Güzelliği Özledim, Ama Ne Bedeli?

by ahshaber
0 comment

GÜZEL ŞEYLERİN ÇİRKİN TARİHİ: Arzu ve Tüketim Üzerine Denemeler, Katy Kelleher


Açıkça insani olduğunu düşünme eğiliminde olduğumuz etkinliklerin çoğu zaman doğrudan hayatta kalmayla hiçbir ilgisi yoktur. Tuvallere boya sürüyoruz, enstrümanlarla melodiler çalıyoruz, var olmayan bir dünya hayal ediyoruz ve orada yaşayan hayali insanları okuyoruz. Ancak bazen insanın neşe ve zevk arayışı yıkıma neden olabilir. Yeter kavramına uymakta zorlanıyoruz. İstediğimiz ama ihtiyaç duymadığımız şeylerin peşinden pervasızca ve bıkmadan usanmadan koşarız.

Katy Kelleher, “Güzel Şeylerin Çirkin Tarihi”nde, insanların gıpta ile bakılan güzellik nesnelerini elde etmek için gittikleri aşırı ve bazen de iğrenç yollardan bahsediyor: sağlıklarını mahvetmek, gezegeni mahvetmek, başkalarına acı çektirmek. Kendine zarar verme ve intihar düşüncelerine yol açan bir depresyon geçmişine sahip biri olarak, güzelliğin onu ayakta tutma amacını sağlamaya yardımcı olduğunu söylüyor: “Güzelliğe dair umut, sabaha kadar çarşaflarda küflenmek yerine her sabah yatağımdan kalkmamı sağlıyor. Yatak yaraları geliştiriyorum.

Ancak aradığı güzellik aynı zamanda suçluluk duygusuyla da bağlantılıdır. Kelleher, “İnsanın açgözlülüğünün ahlaksızlığından etkilenmemiş veya zamanın kimyasal yıkımlarından etkilenmemiş bir nesneye hiç rastlamadım” diye yazıyor. Biblolar satın alıyor ve çöp üretiyor. Ev ve tasarım hakkında yazan bir gazeteci, görevinin başkalarını da aynı şeyi yapmaya teşvik etmek olduğunu fark ediyor.
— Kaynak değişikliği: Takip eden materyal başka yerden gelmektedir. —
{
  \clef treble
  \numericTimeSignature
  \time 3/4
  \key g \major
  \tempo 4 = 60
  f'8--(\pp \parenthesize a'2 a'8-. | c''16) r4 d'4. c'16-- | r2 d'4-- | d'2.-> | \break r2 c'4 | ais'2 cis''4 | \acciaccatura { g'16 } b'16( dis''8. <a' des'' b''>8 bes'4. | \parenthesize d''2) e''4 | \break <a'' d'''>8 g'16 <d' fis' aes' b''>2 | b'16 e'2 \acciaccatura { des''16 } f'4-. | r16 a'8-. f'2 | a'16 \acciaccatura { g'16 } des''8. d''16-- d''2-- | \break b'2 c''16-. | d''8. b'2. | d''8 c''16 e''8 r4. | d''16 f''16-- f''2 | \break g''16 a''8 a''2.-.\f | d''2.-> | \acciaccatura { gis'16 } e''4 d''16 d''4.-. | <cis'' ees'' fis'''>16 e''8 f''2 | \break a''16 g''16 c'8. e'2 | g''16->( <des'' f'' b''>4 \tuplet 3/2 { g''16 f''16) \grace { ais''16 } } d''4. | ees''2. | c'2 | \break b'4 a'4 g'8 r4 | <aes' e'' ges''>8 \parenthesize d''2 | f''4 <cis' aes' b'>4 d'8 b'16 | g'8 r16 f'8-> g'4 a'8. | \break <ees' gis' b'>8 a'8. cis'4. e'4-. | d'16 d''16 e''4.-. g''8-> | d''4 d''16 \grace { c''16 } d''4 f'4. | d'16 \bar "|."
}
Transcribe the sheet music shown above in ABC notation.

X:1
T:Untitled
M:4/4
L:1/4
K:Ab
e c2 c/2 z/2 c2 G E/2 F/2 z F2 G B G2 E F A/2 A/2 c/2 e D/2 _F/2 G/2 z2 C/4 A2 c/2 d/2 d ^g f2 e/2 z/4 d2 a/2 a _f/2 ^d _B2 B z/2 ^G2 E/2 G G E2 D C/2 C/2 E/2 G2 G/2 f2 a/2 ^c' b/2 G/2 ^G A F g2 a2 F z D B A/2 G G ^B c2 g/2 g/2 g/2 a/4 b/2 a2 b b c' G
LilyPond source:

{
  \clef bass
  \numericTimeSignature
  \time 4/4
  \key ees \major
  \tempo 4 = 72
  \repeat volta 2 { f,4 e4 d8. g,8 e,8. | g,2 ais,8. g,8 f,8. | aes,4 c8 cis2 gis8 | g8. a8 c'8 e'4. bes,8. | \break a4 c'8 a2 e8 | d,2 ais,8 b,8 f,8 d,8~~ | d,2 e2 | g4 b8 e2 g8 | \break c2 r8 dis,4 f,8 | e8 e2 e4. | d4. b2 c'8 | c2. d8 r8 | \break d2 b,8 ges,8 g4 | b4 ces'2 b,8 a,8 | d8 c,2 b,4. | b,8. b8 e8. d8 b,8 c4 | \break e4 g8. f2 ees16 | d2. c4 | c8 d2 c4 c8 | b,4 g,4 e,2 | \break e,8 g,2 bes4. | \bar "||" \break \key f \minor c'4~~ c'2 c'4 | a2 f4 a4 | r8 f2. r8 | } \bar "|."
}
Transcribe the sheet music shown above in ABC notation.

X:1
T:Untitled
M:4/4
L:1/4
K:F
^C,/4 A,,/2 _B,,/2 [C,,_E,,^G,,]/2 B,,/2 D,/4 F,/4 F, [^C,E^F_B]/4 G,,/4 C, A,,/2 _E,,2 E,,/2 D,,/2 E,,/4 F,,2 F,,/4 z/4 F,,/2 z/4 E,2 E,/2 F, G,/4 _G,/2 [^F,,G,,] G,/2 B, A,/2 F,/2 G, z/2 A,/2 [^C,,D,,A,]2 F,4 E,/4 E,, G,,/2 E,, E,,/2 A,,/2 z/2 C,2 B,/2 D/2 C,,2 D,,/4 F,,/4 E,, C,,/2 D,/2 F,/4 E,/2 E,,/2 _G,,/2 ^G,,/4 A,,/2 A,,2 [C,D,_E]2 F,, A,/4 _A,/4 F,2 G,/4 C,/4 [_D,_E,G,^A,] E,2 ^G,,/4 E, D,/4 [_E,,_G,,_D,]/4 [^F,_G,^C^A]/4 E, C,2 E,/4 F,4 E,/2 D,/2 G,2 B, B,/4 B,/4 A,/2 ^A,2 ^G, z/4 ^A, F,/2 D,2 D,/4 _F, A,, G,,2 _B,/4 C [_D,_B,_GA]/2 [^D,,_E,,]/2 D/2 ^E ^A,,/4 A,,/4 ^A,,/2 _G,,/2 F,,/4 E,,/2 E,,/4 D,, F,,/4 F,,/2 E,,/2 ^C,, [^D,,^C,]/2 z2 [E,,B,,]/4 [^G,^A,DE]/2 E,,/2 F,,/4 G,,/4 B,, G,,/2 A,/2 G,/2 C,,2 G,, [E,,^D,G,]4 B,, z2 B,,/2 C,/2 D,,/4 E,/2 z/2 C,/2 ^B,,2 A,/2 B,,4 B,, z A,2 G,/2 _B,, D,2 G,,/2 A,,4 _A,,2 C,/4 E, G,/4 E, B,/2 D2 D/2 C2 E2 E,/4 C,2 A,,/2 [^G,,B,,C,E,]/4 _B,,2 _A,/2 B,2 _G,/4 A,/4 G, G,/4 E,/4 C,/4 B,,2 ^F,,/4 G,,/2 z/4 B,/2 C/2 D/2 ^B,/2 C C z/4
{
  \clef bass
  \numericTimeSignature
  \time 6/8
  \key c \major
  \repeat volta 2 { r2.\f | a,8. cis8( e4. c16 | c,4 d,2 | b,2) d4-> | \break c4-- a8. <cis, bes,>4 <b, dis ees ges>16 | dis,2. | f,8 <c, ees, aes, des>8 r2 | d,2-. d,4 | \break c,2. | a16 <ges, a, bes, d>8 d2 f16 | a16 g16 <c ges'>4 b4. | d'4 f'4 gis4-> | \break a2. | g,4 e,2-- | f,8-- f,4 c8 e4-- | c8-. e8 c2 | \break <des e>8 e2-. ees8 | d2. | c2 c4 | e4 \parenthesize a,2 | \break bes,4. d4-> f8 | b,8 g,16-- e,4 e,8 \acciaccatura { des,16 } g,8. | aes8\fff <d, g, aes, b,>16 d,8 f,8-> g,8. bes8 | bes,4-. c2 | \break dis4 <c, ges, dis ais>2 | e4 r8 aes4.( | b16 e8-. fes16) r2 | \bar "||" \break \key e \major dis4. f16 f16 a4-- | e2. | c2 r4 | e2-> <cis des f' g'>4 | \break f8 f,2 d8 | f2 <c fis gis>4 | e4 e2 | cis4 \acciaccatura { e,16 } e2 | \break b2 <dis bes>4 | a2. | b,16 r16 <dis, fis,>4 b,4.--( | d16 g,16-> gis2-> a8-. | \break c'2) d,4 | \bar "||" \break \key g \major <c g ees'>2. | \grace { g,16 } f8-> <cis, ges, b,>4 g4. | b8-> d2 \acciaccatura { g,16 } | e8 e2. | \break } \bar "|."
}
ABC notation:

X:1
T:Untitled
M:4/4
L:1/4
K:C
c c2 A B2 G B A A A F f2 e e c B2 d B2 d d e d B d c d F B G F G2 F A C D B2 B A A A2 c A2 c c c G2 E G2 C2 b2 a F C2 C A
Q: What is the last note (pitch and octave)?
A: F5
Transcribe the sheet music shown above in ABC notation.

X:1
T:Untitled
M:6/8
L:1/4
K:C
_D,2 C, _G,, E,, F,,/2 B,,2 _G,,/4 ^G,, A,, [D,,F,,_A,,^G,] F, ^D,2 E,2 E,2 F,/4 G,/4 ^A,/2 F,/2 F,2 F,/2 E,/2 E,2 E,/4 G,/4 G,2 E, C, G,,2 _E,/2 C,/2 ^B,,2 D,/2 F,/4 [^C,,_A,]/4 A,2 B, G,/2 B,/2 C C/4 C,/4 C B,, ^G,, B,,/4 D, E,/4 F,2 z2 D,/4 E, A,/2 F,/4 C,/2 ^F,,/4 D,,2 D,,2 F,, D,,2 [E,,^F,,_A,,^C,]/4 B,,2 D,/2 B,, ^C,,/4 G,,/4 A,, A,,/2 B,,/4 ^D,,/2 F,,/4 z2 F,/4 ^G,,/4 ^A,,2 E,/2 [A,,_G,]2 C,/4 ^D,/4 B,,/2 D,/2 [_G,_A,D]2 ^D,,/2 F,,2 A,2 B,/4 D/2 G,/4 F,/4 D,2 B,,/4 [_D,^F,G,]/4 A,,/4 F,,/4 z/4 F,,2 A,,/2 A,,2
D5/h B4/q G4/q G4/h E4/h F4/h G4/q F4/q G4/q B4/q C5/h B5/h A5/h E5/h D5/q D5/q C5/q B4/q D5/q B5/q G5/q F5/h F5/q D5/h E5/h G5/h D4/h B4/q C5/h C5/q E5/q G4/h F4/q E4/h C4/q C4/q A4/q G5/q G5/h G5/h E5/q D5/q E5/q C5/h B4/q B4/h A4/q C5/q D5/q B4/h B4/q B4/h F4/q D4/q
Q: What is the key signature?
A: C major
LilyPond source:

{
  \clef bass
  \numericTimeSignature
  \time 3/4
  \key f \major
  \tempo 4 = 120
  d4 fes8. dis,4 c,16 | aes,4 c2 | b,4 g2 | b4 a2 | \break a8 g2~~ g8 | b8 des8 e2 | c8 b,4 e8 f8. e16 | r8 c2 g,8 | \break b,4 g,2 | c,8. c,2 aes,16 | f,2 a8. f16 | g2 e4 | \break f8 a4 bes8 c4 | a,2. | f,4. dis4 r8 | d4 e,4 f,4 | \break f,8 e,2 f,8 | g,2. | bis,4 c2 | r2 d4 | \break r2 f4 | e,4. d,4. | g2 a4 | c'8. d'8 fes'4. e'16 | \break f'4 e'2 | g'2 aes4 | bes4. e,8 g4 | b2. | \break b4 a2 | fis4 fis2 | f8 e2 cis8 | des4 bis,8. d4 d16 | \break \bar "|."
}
Neyse ki, bu kitap onun kefareti değil – bundan daha şaşırtıcı ve kararsız ve anlattığı bazı şeyler rahatsız edici ve gerçekten korkunç olsa bile burada herhangi bir azarlama yok. Kelleher, ilgi çekici derecede güzel ile sıkıcı derecede güzel arasında ayrım yaparak bir çirkinlik unsurunun bir nesnenin çekiciliğinin bir parçası olabileceğine dikkat çekiyor. Elbette, kusurluluğun yaşamın geçiciliğini ve beklenmedikliğini hatırlatabileceğini savunan Japon wabi-sabi kavramı vardır; Çürüyen bir çiçek, taze bir çiçeğin sağlayamayacağı başka bir deneyim katmanını aktarabilir. Açıkça Japon estetiğinden bahsetmiyor, ancak Nazilerin parlak beyaz porselen fetişiyle ilgili bir bölüm, Tanizaki’nin siyah lake ahşaptan yapılmış bir tuvalet istediğini yazdığı “Gölgelere Övgü” kitabını yeniden okumamı sağladı.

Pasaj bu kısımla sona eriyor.